* Required action *
Leaving out the images, repeat all the lines below exactly.

━━━━━ Collected material ━━━━━

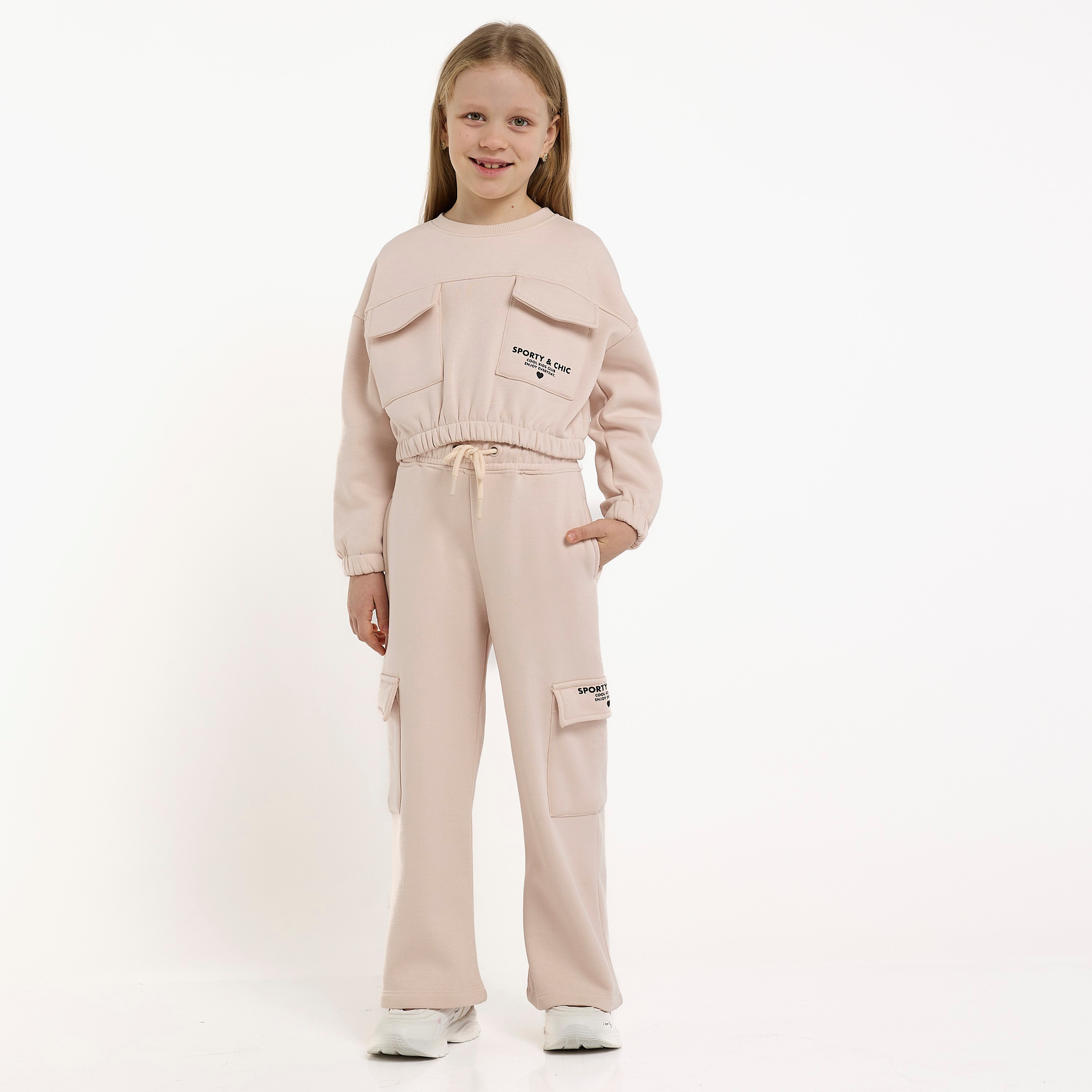 طقم من قطعتين سويت شيرت مع بنطلون بطبعة جيب كارجو من فيكتور اند جين-girls-clothing-winterwear-setsandcoords-image-1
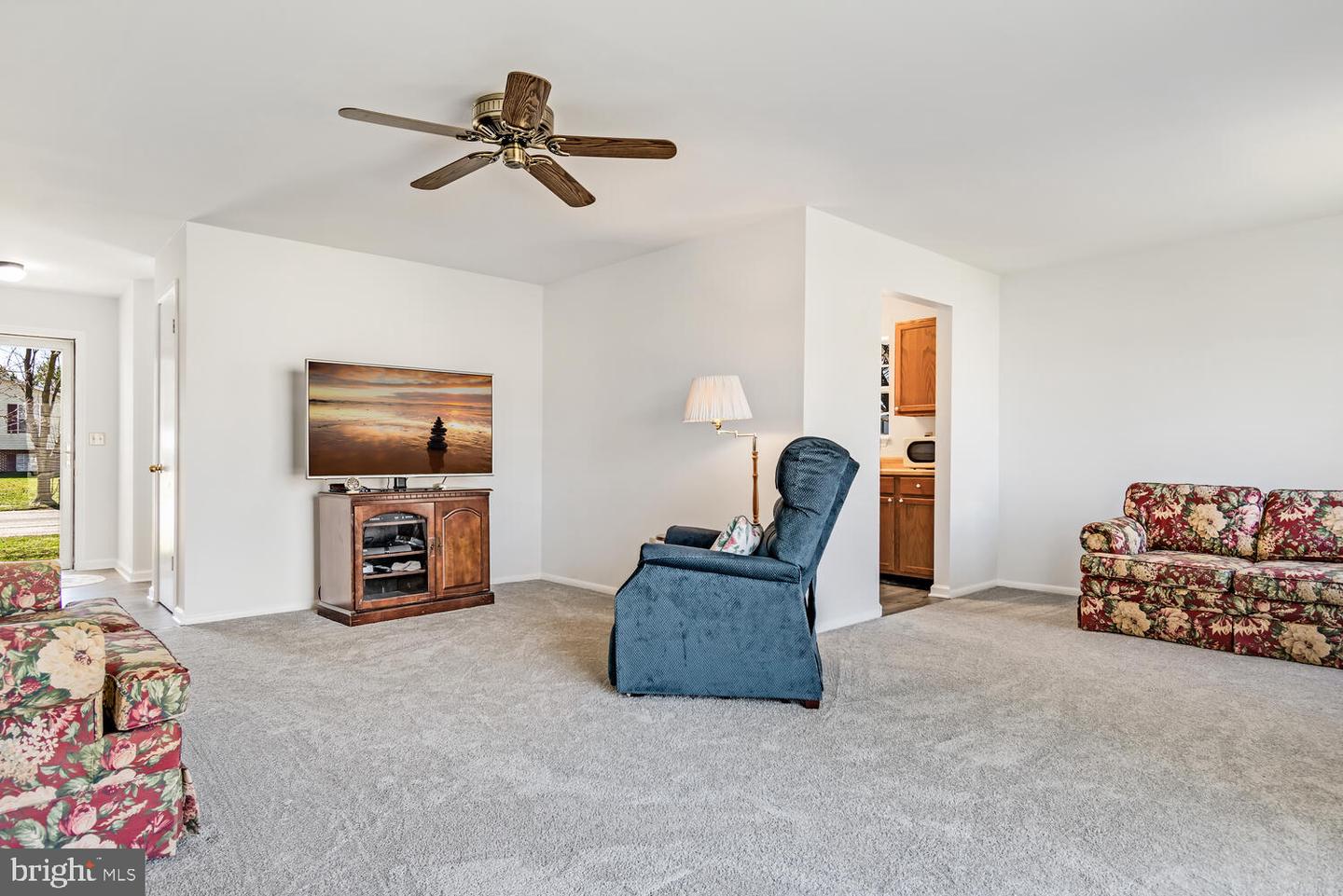 29408 Petunia Dr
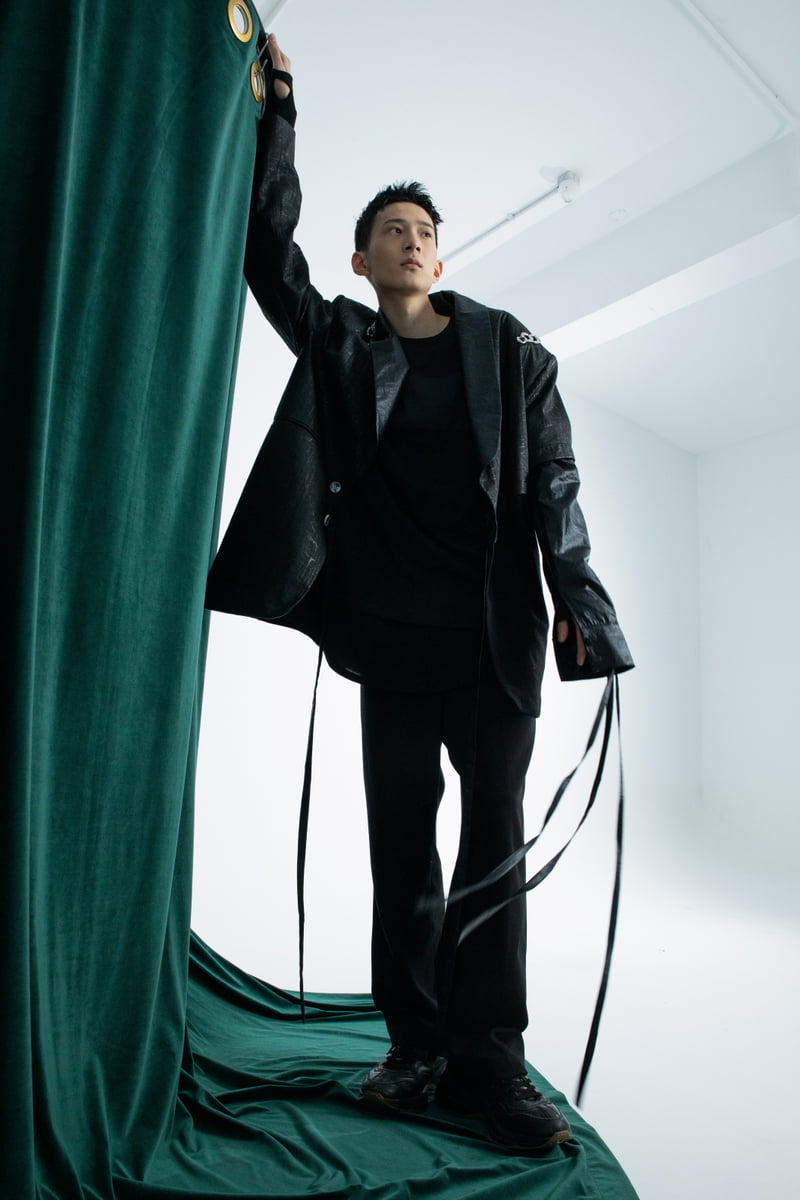 Photo by Yuxian He - Kavyar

━━━━━

* Written answer *
 طقم من قطعتين سويت شيرت مع بنطلون بطبعة جيب كارجو من فيكتور اند جين-girls-clothing-winterwear-setsandcoords-image-1
 29408 Petunia Dr
 Photo by Yuxian He - Kavyar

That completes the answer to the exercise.